Implement Container Virtual Registry cache hit scenario

🌱 Context

This is a series of MRs to implement Container image virtual registry: push/pull end... (#549131)

What does this MR do and why?

Implement the Container Virtual Registry pull endpoint to support docker pull requests when the image is already in the cache.

References

#549131

Database Review

The MR didn't really introduce new queries.
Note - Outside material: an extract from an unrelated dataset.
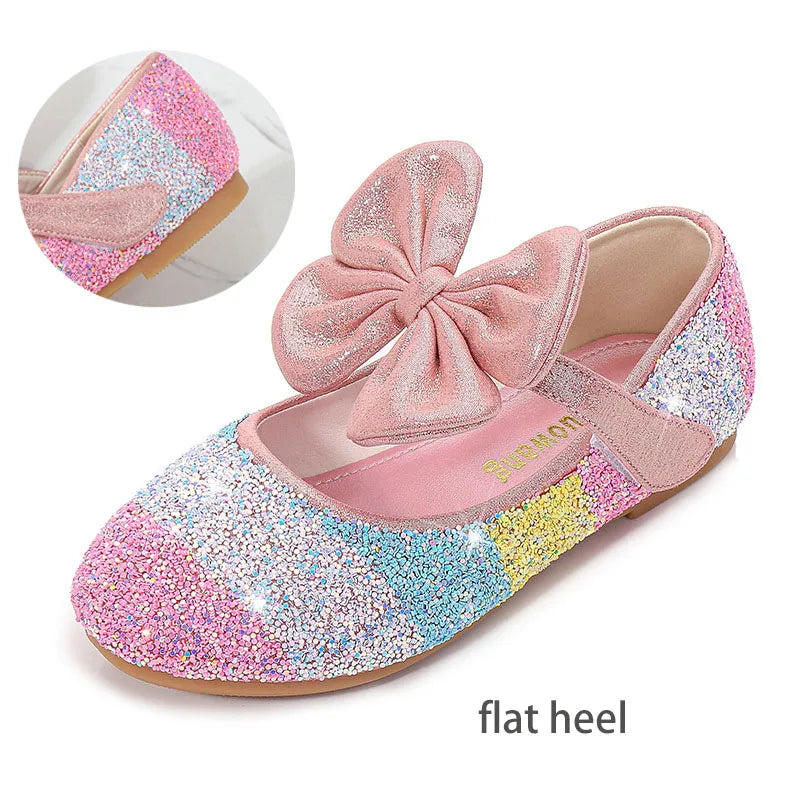 Girls Leather Glitter Bow Heeled Sandals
It uses the queries introduced in an earlier MR: !210719

Screenshots or screen recordings

NA

🔬 How to set up and validate locally

🛠️ 1. Setup

Enable Dependency Proxy, if not enabled.

Enable the feature flag:

Feature.enable(:container_virtual_registries)

Prepare a user, group, and create a registry with an upstream:

current_user = User.first # root or any user with read_virtual_registry permission
group = Group.find_by_full_path('your-group') # or create one

# Create a virtual registry
registry = VirtualRegistries::Container::Registry.create!(
  group: group,
  name: 'My Virtual Registry',
  description: 'Test registry'
)

# Create an upstream pointing to Docker Hub
upstream = registry.upstreams.create!(group: group, name: 'Docker Upstream', url: 'https://registry-1.docker.io')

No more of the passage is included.